The mortar matrix dominated the precracking behavior of coupons. The cracking stress was usually around 1.9 MPa for all fibers and temperatures. At the same time, the values of the calculated mean tensile strength were nearly twice as high as those observed, showing that at this point the grids were not affecting the response. However, by going through the results obtained from the basalt and the carbon fibers, it was obvious that the values of the former were consistently higher than those of the latter up to 200 °C. That performance agreed with the results provided by D’Antino [59] regarding the relevant behavior of stitch-bonded yarns. At 300 °C, the deterioration of the stitches reversed that behavior. The improvement of mortar’s performance brought on by better curing conditions was connected with an increase in the first cracking stress up to 100 °C. At 200 °C, the carbon and basalt specimens exhibited an increase of σ 1 (or σ 1 , m ).
In contrast, the glass counterparts showed a substantial decrease (Figure 18a). Interestingly, although the decline of σ 1 (or σ 1 , m ) was prominent for carbon and basalt fiber coupons exposed to 300 °C, the glass fiber equivalents increased their strength by 31%. From the deformability point of view, all specimens lost their axial stiffness at 100 °C, whereas at 200 °C, the basalt and the glass fabric coupons became more brittle. On the contrary, the carbon counterparts increased their deformability almost linearly at the expense of their stiffness (Figure 19a,b). The improved cracking behavior of carbon and basalt coupons up to 200 °C was ascribed to initial stresses developed during the heating–cooling procedure, owing to the changes in the coating agent [23]; both share the same coating material. However, since the results from the literature are contradictory, e.g., in Colombo et al. [13], the first cracking stress increased at 200 °C, whereas in Rambo et al. [14], it decreased. Further research is needed using different types of mortar combined with different grids and fibers.

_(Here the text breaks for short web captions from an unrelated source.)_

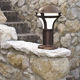 poste balizador de iluminação de jardim / clássico / em latão / com difusor em vidro temperado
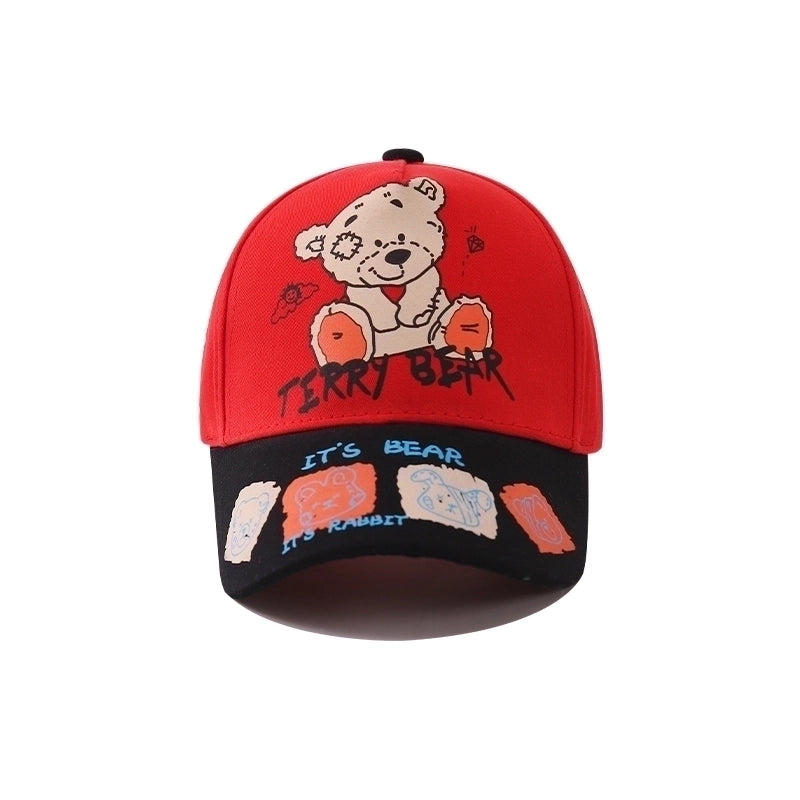 Children Unisex Casual Cute Letter Bear Baseball Cap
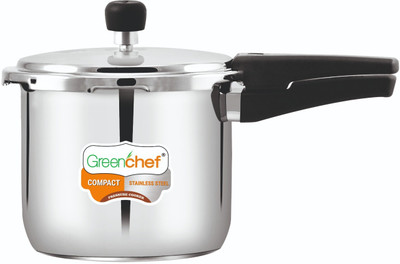 Greenchef Greenchef Compact Prime Outer Lid 3 L Outer Lid Induction Bottom Pressure Cooker(Stainless Steel)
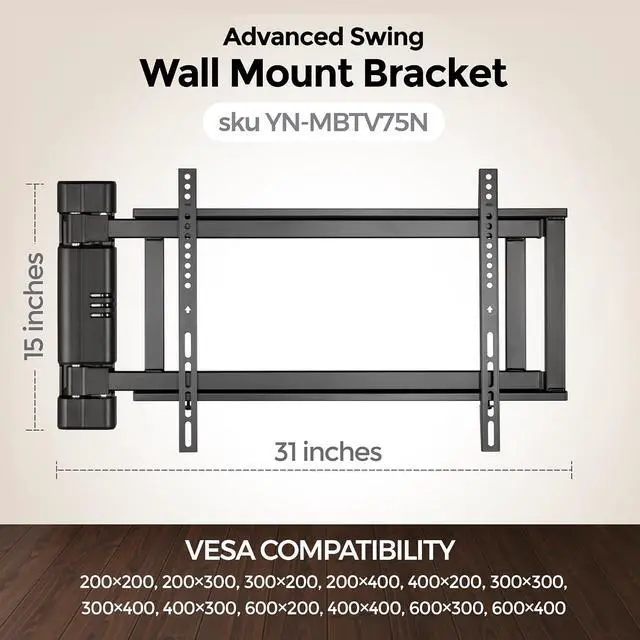 Alt view image 2 of 6 - ynVISION.DESIGN Swing Wall Mount Bracket for 32-75" TVs, Hinged, Pack of 1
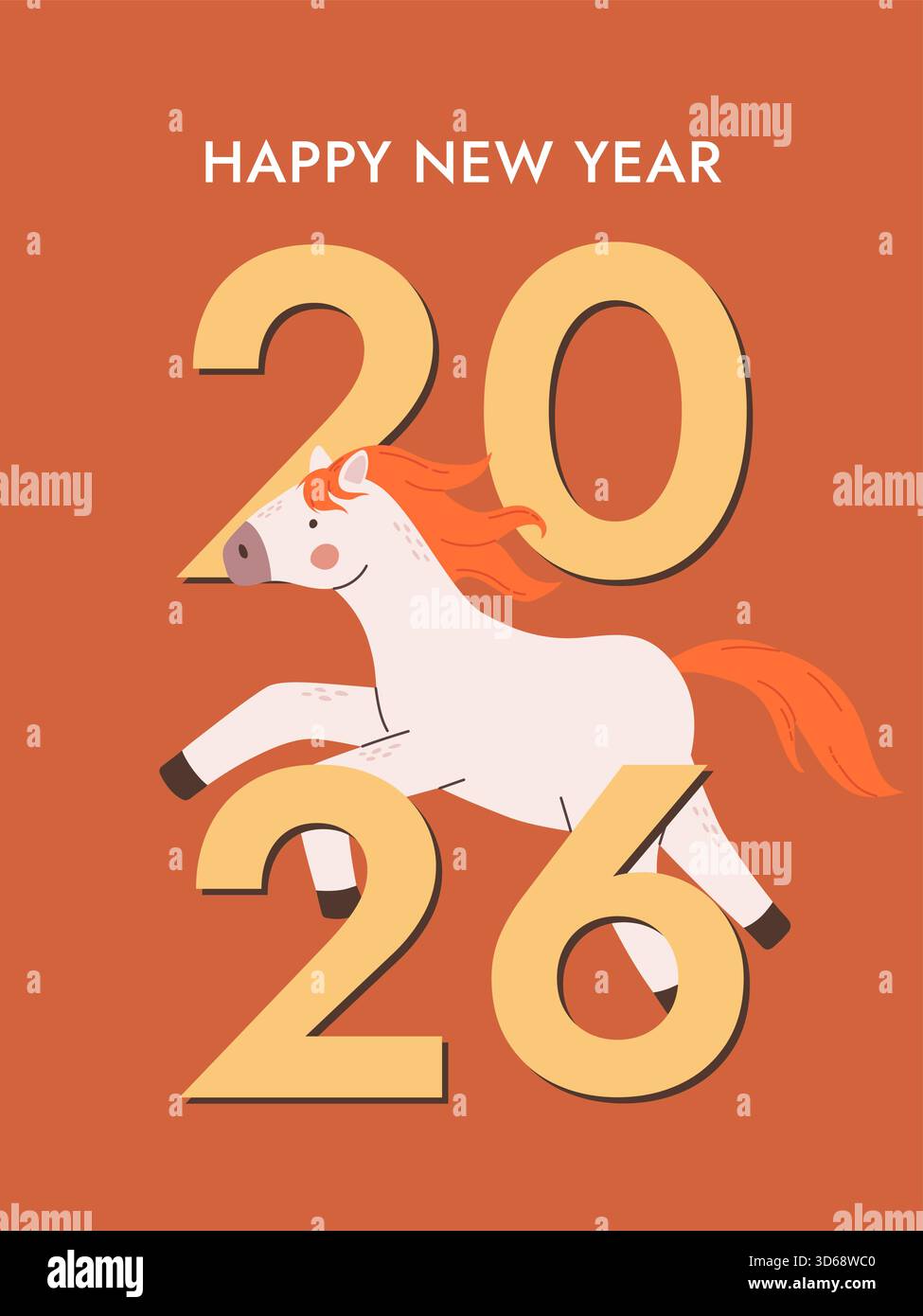 Chinese New Year of the horse 2026 greeting card vector illustration ...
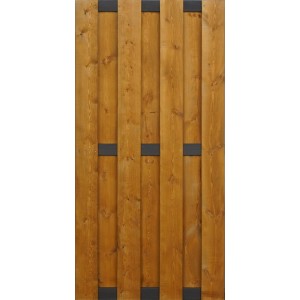 Panel ogrodzeniowy drewniany t.b.t. z ciemnymi poprzeczkami.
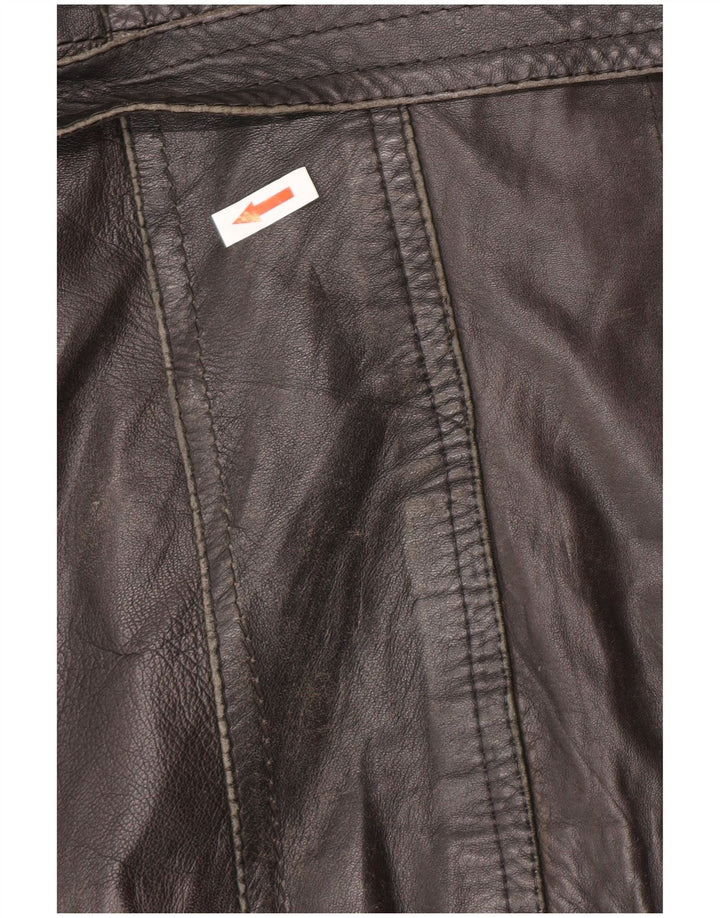 Giacca in pelle doppiopetto vintage da uomo UK 34 XS nera retrò
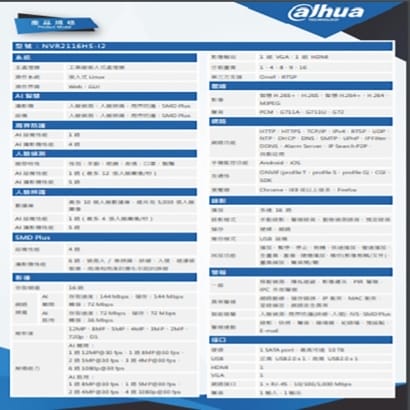 大華 NVR2116HS-I2 人臉偵測辨識 周界防護 4 路 SMD 16路 監視器主機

The improved behavior of the glass coupons at 300 °C was attributed to the prestress effect due to fiber contraction (similar evolution in the cracking stress reported by Bernat-Maso et al. [60]).
In the postcracking stage, the tensile behavior was dominated by the interfacial properties between textiles and the matrix and the tensile properties of textiles. Figure 18b and Figure 19c,d present the development of the ultimate stress σ u and the normalized parameters ε u and E 2 , respectively. The ultimate stress σ u , increased for all specimens up to 100 °C. The coupons reinforced with basalt fibers lost a significant amount of their initial strength above that temperature, 10% and 34% at 200 °C and 300 °C, respectively. The strength of the carbon and glass coupons increased at 200 °C by 20.4% and 4.6%, respectively, but they had already begun to deteriorate (the strength was lower at 200 °C than at 100 °C by 13.9% and 14.5%, respectively). The carbon coupons and the basalt lost about half their initial strength at 300 °C. At the same temperature, the glass coupons gained 13.5% more strength.
Overall, there was a correlation between the ultimate stress, the kind of fiber, and the heating intensity. Moreover, in cases where there was a change in the failure mode from rupture of the fiber tensile to slippage within the matrix, the results show considerable difference, hence the increased variation. The increase in strength up to 100 °C was caused by an interlocking mechanism between the coating agent and the surrounding mortar; symptoms included a change in failure modes and increased number and pace of cracks. The increase in yarn strength and the better bonding conditions were responsible for the improved behavior of the carbon and glass specimens at 200 °C; strains imposed by the mortar’s shrinkage were another potential contributor to further investigation. The low fiber percentage, the deterioration of the coating agent (which was evident in the change in color of the fibers), and the deterioration of the stitches in the nodes of the grid have all been responsible for the different behavior the basalt fibers displayed, which resulted in the coupons losing 10% of their original strength. Contrary to carbon grids, the stitching region was weaker because the warp and weft directions were made of two smaller separated yarns. The increase that the glass fiber coupons demonstrated at 300 °C was consistent with the results obtained from the bare yarns at the same temperature. Combined with the different behavior of the SBR, it explained that difference in performance. However, additional investigation is needed for the overall behavior of the glass fabric grids.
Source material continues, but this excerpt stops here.